Her most recent work has seen a shift from thread to delicate arrangements of stone, yet another indication of an unquenchable thirst behind her artistic output. On the surface the shift may seem to be one that has taken Lawty away from fabric, but many of the principles remain the same: the gathering of tiny parts into a unified whole, an ongoing search for depth, intricacy and texture, the contemplative peace that comes from precise, engrossing labour. That Lawty has referred to the inspirational motifs found in the ancient textiles as “images almost like fossils set in stone” gives some indication of the connection she is now exploring between the two materials.
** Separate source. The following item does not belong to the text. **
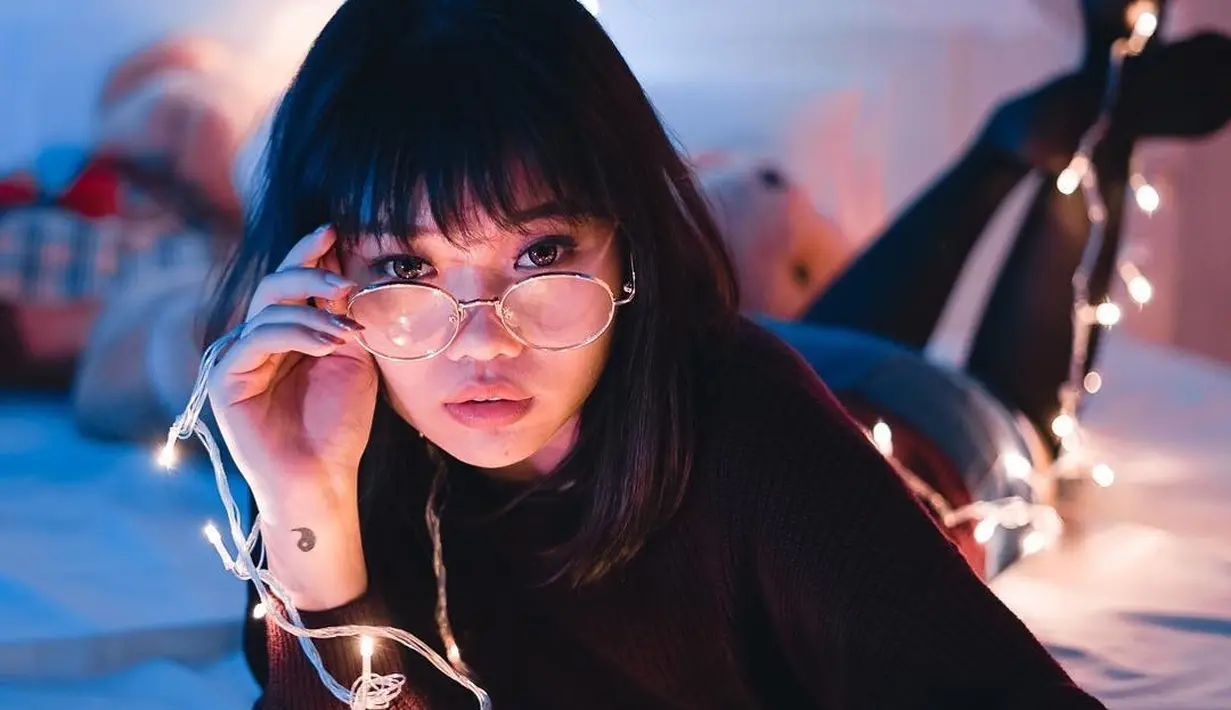 Entah, warna hitam ini memang merupakan asli rambut Wendy Walters atau sudah melalui pewarnaan. Namun, kali ini ia tampil lebih natural. (Foto: Instagram/@wendywalters)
In fact, “dry weaving” is the term British Tapestry artist William Jefferies coined to capture Lawty’s weavings – an observation that again reminds us that the stone she is now using may not, in the final event, represent that great of a shift in her practice.
Sue Prichard, Curator of Contemporary Textiles at the V&A describes Lawty’s work, “not [as] fast food for the eye, but an intense and joyous celebration of the natural world, articulated in textural form.” And Lawty herself speaks of “journeys that begin even before you know you have started,” citing a childhood project in which she sorted the various pips of fruit and vegetables, carefully washed, dried and assembled into a mosaic: motions echoed decades later in her current work. But a thirst draws her on.
As part of her artist’s residency Lawty began a blog, recording the experience and her working practice through the threads of the World Wide Web. This experience has opened up yet another landscape, one that is no less intriguing to this artist despite its virtual existence. Describing in her blog the way that the most recent entry takes primary importance at the top of the screen, she observes, “Its not until a sense of positioning and proportion envelopes it as it gradually beds down into the context of the whole that you can fully assess the tone of what you have written.” She goes on to steal the words from my mouth, reflecting upon how she now understands this structure to also be that of weaving, allowing picks to “bed down” in the “context” of the whole cloth before their voice becomes clear.
For the future? Lawty is also looking to theatre and dance, intrigued with the possibilities that shadow and light might allow in a dynamic setting. Her materials look to be growing increasingly intangible, but just as reflection reveals the tangible links Lawty is making between stone and fibre, one suspects that these increasingly intangible interests will also reveal her ongoing quest for a quintessentially textile vocabulary.